== Segment start ==

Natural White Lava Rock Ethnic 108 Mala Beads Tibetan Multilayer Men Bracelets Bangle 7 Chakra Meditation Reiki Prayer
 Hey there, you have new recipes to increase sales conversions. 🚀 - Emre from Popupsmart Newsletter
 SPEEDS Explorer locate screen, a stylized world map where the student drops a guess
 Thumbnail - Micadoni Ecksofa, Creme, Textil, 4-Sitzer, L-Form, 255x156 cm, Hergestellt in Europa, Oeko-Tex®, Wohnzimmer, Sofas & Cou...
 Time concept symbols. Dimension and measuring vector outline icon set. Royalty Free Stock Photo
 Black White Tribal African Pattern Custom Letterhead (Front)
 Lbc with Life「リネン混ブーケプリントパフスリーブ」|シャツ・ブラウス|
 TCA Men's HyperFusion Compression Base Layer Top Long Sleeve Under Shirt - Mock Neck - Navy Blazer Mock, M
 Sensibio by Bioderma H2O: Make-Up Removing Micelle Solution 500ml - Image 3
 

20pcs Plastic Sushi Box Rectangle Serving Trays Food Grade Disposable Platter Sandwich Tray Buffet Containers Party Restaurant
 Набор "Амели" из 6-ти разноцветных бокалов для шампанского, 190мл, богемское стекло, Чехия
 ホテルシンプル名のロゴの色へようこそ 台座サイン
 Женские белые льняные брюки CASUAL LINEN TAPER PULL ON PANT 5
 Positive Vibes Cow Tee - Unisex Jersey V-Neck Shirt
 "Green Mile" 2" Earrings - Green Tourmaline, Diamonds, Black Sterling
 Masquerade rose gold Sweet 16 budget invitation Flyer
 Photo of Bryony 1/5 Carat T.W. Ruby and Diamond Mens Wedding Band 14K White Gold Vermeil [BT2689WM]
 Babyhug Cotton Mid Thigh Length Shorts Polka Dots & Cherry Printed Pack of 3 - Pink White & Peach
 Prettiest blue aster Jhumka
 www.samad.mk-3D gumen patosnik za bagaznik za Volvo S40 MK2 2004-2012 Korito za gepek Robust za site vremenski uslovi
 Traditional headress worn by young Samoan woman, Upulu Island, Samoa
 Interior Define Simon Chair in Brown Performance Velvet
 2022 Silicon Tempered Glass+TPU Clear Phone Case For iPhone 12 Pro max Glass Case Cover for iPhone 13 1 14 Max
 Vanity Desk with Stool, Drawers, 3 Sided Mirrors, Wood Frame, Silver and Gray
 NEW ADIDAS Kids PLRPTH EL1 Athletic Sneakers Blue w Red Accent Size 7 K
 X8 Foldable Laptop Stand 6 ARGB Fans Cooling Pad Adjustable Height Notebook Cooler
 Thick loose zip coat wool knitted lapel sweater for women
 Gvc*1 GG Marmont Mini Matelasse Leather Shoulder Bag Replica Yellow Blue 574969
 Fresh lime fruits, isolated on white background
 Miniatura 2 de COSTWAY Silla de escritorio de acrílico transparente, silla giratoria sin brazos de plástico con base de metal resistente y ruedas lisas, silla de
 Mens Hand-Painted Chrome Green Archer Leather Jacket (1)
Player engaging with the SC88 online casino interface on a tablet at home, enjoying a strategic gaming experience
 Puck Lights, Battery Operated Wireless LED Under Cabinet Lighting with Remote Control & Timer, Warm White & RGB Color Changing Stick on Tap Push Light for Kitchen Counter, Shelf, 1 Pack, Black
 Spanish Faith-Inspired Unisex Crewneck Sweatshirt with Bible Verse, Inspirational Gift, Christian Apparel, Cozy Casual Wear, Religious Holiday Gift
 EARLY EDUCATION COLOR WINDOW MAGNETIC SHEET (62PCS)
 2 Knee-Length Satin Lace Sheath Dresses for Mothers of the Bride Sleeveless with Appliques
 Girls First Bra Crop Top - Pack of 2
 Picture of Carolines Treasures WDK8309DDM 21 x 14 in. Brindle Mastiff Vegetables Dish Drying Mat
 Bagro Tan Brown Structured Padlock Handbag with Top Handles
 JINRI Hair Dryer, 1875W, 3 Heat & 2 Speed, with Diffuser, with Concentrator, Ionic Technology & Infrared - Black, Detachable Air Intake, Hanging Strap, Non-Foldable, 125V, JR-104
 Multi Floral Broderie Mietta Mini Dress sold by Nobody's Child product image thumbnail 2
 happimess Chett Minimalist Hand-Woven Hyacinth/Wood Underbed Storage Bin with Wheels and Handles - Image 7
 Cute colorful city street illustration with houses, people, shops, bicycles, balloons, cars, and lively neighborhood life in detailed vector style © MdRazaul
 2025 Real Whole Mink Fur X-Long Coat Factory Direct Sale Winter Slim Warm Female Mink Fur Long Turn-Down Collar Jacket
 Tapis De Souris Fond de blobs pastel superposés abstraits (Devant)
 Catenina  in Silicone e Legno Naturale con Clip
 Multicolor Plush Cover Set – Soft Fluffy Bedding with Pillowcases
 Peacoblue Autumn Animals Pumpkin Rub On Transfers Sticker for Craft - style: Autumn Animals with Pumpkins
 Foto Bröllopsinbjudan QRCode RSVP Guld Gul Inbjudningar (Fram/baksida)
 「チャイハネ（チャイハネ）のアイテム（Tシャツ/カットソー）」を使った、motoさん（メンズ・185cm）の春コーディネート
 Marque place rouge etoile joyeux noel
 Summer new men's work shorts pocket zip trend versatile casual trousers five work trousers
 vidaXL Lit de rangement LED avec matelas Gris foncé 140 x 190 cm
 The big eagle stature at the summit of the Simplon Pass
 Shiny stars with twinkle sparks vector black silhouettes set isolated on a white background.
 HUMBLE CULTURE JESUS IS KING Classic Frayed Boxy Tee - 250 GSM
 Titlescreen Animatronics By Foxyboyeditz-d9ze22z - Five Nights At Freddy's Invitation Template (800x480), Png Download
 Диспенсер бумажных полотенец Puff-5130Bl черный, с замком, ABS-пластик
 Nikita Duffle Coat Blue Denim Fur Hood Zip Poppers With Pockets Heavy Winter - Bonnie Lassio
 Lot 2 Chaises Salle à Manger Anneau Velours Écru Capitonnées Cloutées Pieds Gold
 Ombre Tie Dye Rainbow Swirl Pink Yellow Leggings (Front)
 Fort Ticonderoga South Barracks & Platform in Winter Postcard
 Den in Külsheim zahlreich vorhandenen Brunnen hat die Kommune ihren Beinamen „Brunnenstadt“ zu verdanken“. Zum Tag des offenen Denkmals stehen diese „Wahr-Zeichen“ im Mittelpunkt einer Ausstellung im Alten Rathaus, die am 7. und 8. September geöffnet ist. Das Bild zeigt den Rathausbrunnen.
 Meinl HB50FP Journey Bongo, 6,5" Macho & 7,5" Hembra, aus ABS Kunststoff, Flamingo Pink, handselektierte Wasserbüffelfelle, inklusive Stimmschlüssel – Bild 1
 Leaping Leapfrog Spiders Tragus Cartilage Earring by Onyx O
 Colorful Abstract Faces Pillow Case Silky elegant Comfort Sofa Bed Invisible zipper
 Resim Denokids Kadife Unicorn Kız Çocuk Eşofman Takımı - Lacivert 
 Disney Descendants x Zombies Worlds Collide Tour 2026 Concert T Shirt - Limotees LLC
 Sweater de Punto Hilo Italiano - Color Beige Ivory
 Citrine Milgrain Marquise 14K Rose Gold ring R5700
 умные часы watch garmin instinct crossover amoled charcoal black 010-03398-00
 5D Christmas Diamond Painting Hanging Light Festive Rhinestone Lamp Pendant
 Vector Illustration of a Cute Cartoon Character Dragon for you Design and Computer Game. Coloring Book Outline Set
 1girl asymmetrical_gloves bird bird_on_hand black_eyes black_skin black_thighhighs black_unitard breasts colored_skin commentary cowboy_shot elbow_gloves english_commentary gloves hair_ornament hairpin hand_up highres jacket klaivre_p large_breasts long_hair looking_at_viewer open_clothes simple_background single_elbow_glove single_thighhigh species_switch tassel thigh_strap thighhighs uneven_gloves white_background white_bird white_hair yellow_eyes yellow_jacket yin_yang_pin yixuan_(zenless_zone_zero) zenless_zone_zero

== Segment end ==

What you return should be exactly the lines above, starting at the one with "Miniatura 2 de" and ending at the one with "Player engaging with", and nothing else.

### Answer to the exercise
 Miniatura 2 de COSTWAY Silla de escritorio de acrílico transparente, silla giratoria sin brazos de plástico con base de metal resistente y ruedas lisas, silla de
 Mens Hand-Painted Chrome Green Archer Leather Jacket (1)
Player engaging with the SC88 online casino interface on a tablet at home, enjoying a strategic gaming experience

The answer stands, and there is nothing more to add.